Minister of Culture
- Incumbent
- Assumed office 11 October 2021
- Monarch: Abdullah II of Jordan
- Prime Minister: Bisher Al-Khasawneh
- Preceded by: Basim Tweissi

Personal details
- Born: Haifa Yousef Fadel Najjar 1959 (age 66–67) Zarqa
- Alma mater: University of Jordan (B) University of Buckingham (M)

= Haifa Najjar =

Jordanian politician

Haifa Yousef Fadel Najjar (born 1959) is the Jordanian Minister of Culture. She was appointed as minister on 11 October 2021.

== Education ==
Najjar completed a degree in population studies at the University of Jordan before attaining a master's degree in transformational management at the University of Buckingham. She was a founding member of the Board of Trustees of The King's Academy and a board member of the Greater Amman Municipality.

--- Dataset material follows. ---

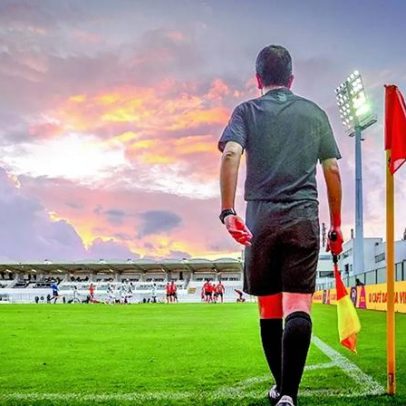 Novas regras da International Board vão recuperar minutos de jogo, diz exárbitro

Najjar worked at the Ahliyyah School for Girls from 1984, and was Principal at both Ahliyyah and the Bishop's School for Girls since 2008.

==Honours==
Najjar was awarded the Al-Hussein Humanitarian Leadership Prize (2001), the El-Hassan Bin Talal Award for Academic Excellence (2002), and the European Council of International Schools (ECIS) Award for the Promotion of International Education (2009). She received the Lanfranc Award for Education and Scholarship from Justin Welby, Archbishop of Canterbury, in 2017 "for her outstanding contribution to education in Jordan and her exemplary leading role in Jordanian society as a Christian woman."

She received the Order of Civil Merit from the King of Spain in June 2017 and the Legion of Honour in September 2018.